TPP Open House this morning here at MIT – actually, Open House for many MIT applicants accepted for the fall. Naturally, therefore, our weather has put on quite a show – sleet, freezing rain this morning, with a threat of an ice storm this evening. Ah, spring time in New England!

  • Pearl Jam become new Dixie Chicks: Dozens walk out after anti-Bush remarks.

    DENVER — Dozens of fans walked out of a Pearl Jam concert after lead singer Eddie Vedder took a mask of President Bush and impaled it on a microphone stand.

    …Vedder used a Bush mask in Australia and Japan to perform the song “Bushleaguer,” from the band’s latest album, “Riot Act.” The song’s lyrics say, “He’s not a leader, he’s a Texas leaguer.”

  • The Chronicle of Higher Education brings together all the elements of the Penn State’s policing of file sharing activities.

  • Slashdot: Forgent Networks Wins $25M from Sony for JPEG Patent

  • Sony’s left brain speaks: Sony TV would grab streams from the Net; Sony DVR to sport broadband

    Sony will release a digital video recorder with a hard drive and DVD recorder, as well as a broadband Internet connection and Web browser, the company has announced.

  • Doc Searls points out that he expected the change in the NYTimes online policy.

    I’ve written about this before.
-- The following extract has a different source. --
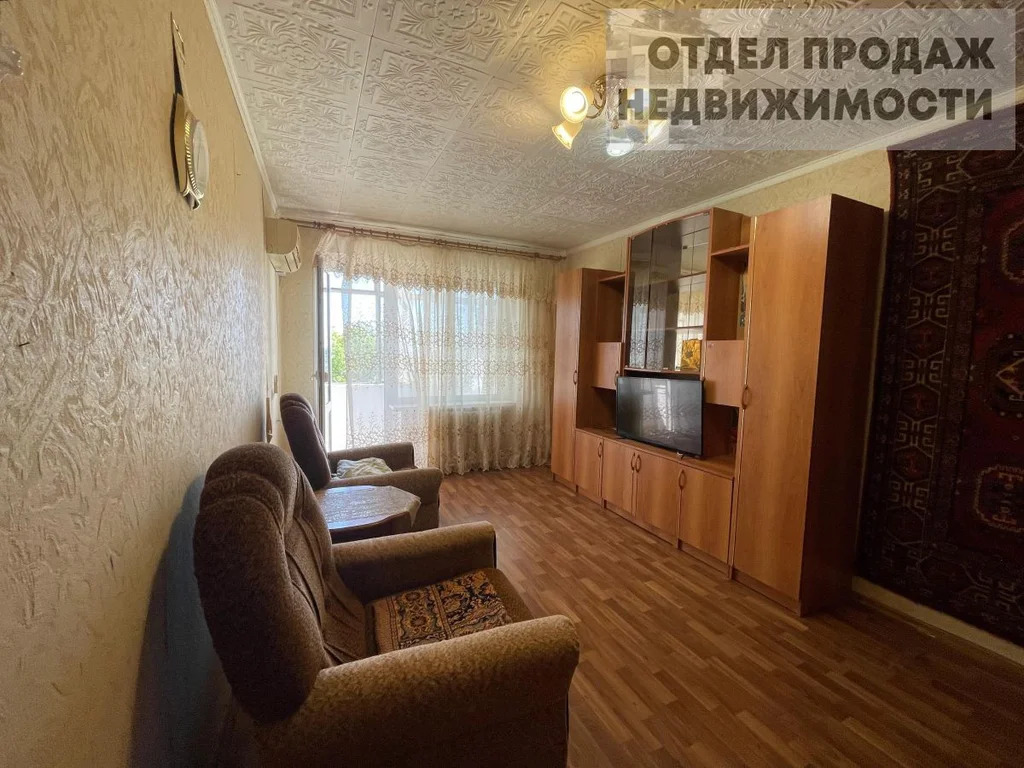 Квартира у рынка - Фото 1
Even though I was told, after that last linked piece, that the Times made millions by selling old content, I still think the lost opportunity to assert authority far exceeds whatever monetary gain the paper gets by selling old fishwrap.

    Advantage: blogs.

    (See Jenny Levine’s comments) (Dave Winer’s got more today; his requiem from yesterday)

    So, here’s an experiment that I’ll be trying to do, but I’ll take data from anyone who’s got the inclination. According to Technorati, this morning (on April 4 at 7:00 AM EST with 194,063 weblogs watched and 12,980,008 links tracked) there are 14,036 inbound links and 5,268 inbound blogs for www.nytimes.com. Let’s see how (if?) that changes over the course of the next month.
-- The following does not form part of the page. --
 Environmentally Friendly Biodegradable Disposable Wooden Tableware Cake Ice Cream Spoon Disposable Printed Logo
  • Now, I’m sure that everyone read the BSA report yesterday that explained how piracy was bad for tax revenue, and therefore the economy. So, what does this Microsoft policy to loosen the requirements for the purchase of the student version say?

    Technically, only students or teachers were licensed to use the product. Microsoft did not license the software for other members of the household or people who were not faculty or students. That technicality apparently meant little to consumers looking for a good deal. Consumers snatched up 300,000 copies of Office XP Standard for Teachers and Students versus 121,000 for Office XP Standard during the academic product’s first 10 months on store shelves, according to market research company NPDTechworld.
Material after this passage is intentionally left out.